[Supplied records — start]

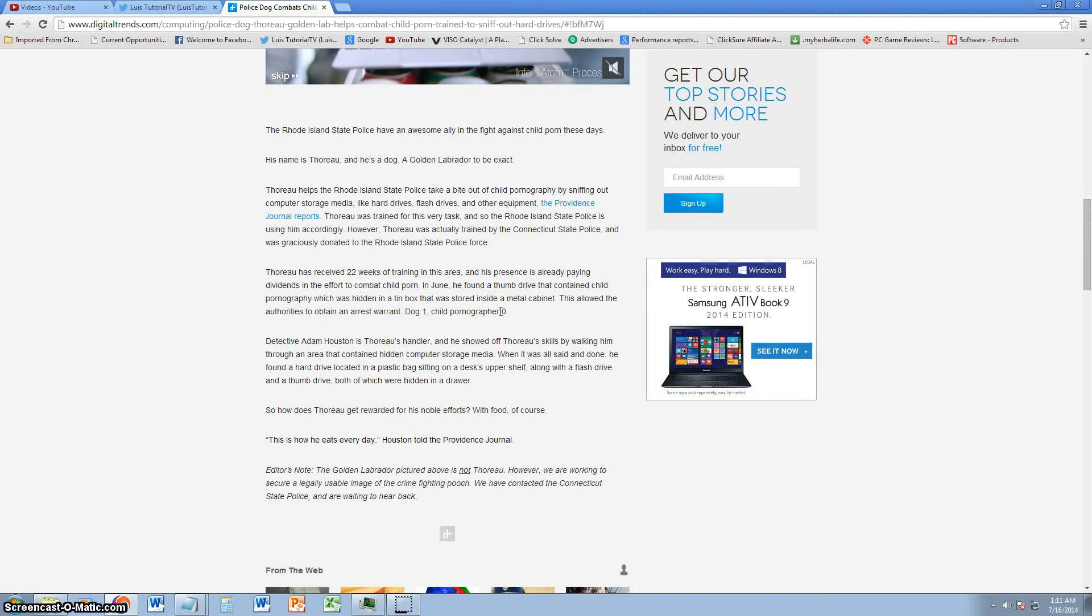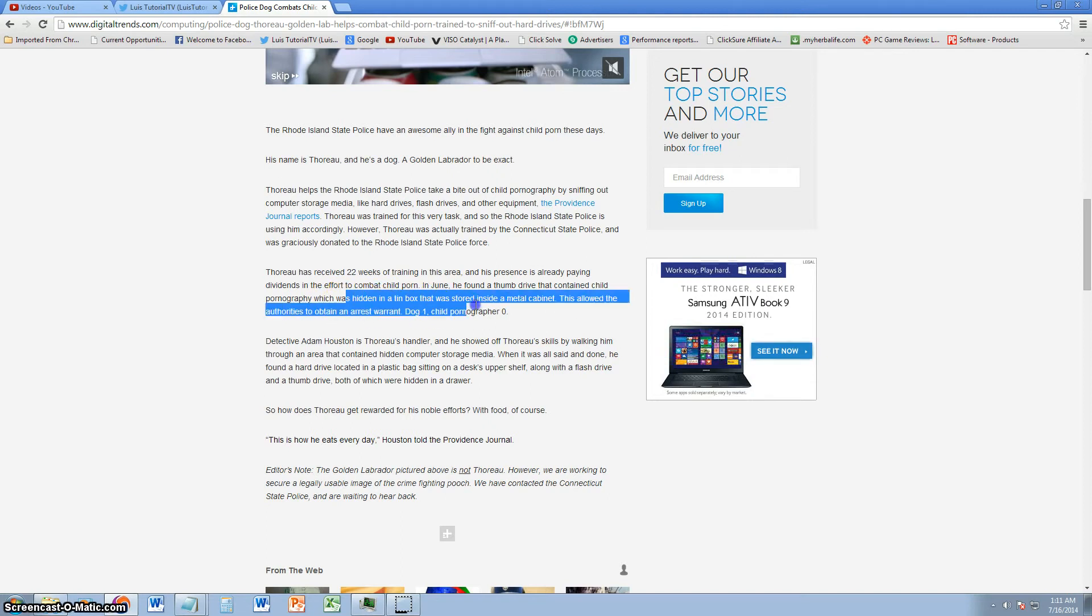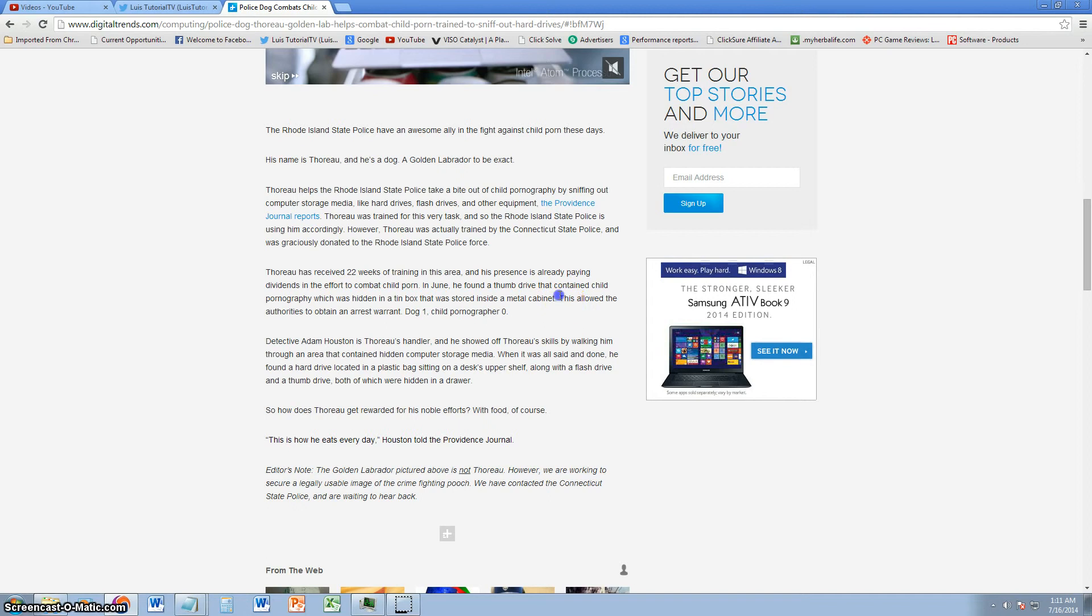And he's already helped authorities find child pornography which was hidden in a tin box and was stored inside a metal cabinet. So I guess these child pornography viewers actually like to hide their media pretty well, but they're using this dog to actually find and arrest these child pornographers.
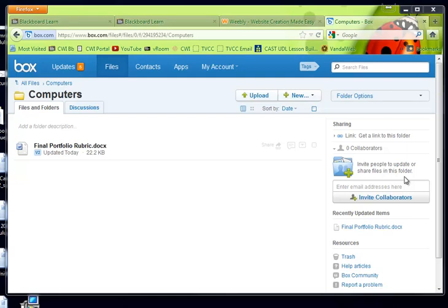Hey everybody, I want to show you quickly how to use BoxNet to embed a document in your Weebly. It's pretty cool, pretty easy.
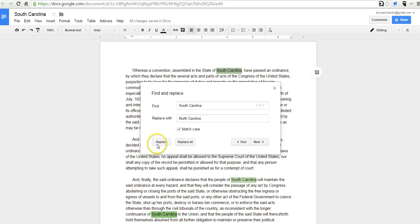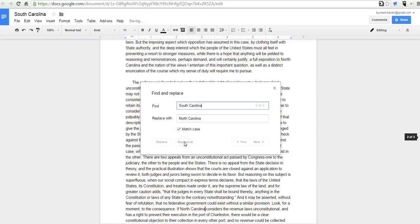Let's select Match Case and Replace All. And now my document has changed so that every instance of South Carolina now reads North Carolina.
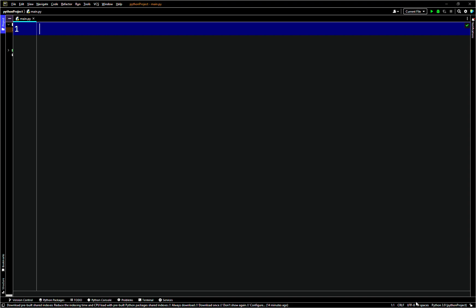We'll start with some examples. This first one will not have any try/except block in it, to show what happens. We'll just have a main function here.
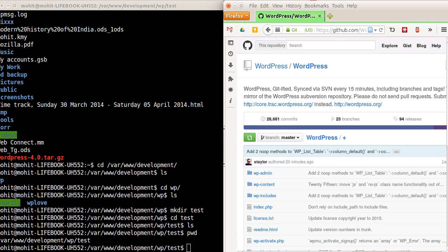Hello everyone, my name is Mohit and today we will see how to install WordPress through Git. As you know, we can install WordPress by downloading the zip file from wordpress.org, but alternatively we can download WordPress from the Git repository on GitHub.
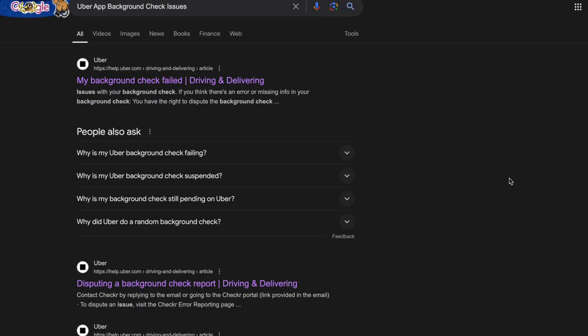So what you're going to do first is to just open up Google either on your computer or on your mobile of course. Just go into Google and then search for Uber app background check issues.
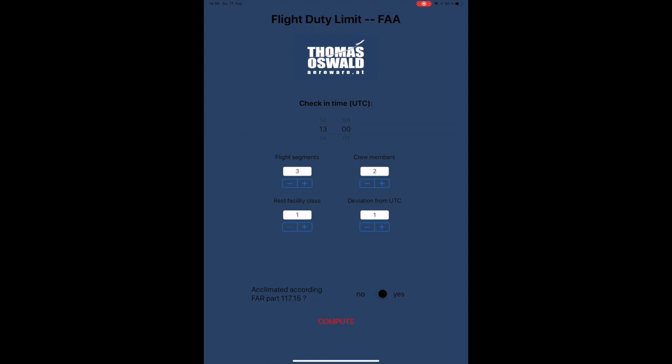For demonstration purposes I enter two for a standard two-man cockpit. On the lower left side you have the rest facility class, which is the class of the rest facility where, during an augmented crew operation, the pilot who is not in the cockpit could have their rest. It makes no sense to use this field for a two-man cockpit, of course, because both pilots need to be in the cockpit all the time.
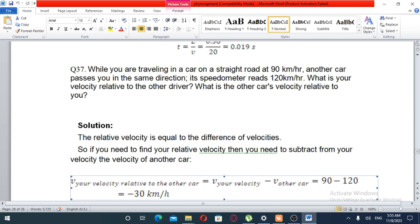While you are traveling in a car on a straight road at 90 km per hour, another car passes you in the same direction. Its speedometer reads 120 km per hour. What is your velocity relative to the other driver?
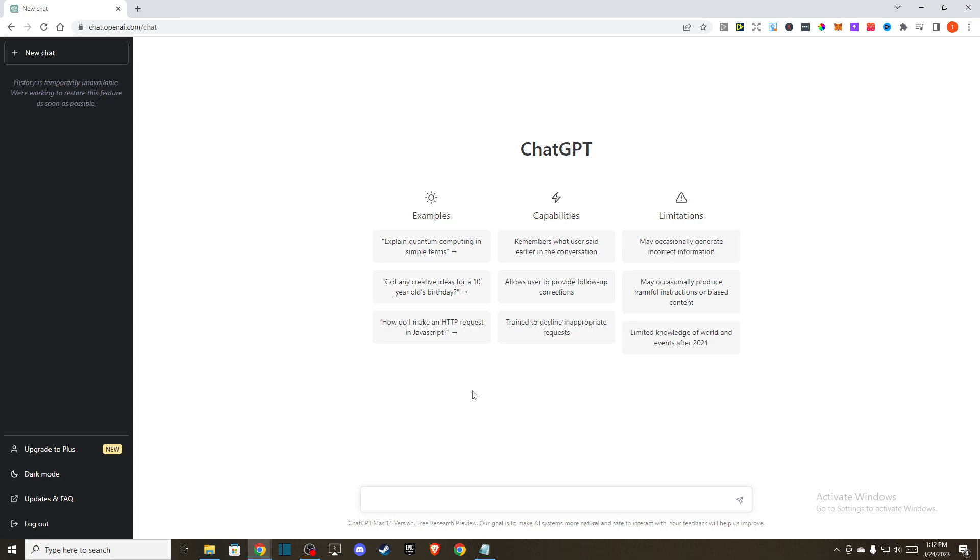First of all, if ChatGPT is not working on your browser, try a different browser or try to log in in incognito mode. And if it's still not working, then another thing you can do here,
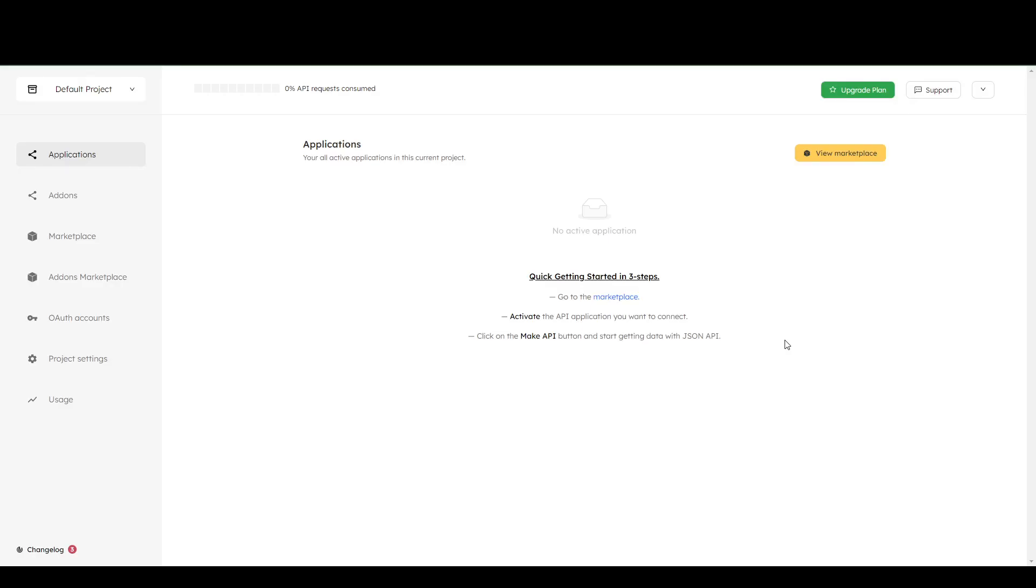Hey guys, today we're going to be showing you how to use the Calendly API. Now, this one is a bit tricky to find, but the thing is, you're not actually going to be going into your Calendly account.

[Supplied records — finish]

Exercise objective
Return each line above exactly; any pictures are to be skipped.

Exercise answer
And he's already helped authorities find child pornography which was hidden in a tin box and was stored inside a metal cabinet. So I guess these child pornography viewers actually like to hide their media pretty well, but they're using this dog to actually find and arrest these child pornographers.
Hey everybody, I want to show you quickly how to use BoxNet to embed a document in your Weebly. It's pretty cool, pretty easy.
Let's select Match Case and Replace All. And now my document has changed so that every instance of South Carolina now reads North Carolina.
We'll start with some examples. This first one will not have any try/except block in it, to show what happens. We'll just have a main function here.
Hello everyone, my name is Mohit and today we will see how to install WordPress through Git. As you know, we can install WordPress by downloading the zip file from wordpress.org, but alternatively we can download WordPress from the Git repository on GitHub.
So what you're going to do first is to just open up Google either on your computer or on your mobile of course. Just go into Google and then search for Uber app background check issues.
For demonstration purposes I enter two for a standard two-man cockpit. On the lower left side you have the rest facility class, which is the class of the rest facility where, during an augmented crew operation, the pilot who is not in the cockpit could have their rest. It makes no sense to use this field for a two-man cockpit, of course, because both pilots need to be in the cockpit all the time.
While you are traveling in a car on a straight road at 90 km per hour, another car passes you in the same direction. Its speedometer reads 120 km per hour. What is your velocity relative to the other driver?
First of all, if ChatGPT is not working on your browser, try a different browser or try to log in in incognito mode. And if it's still not working, then another thing you can do here,
Hey guys, today we're going to be showing you how to use the Calendly API. Now, this one is a bit tricky to find, but the thing is, you're not actually going to be going into your Calendly account.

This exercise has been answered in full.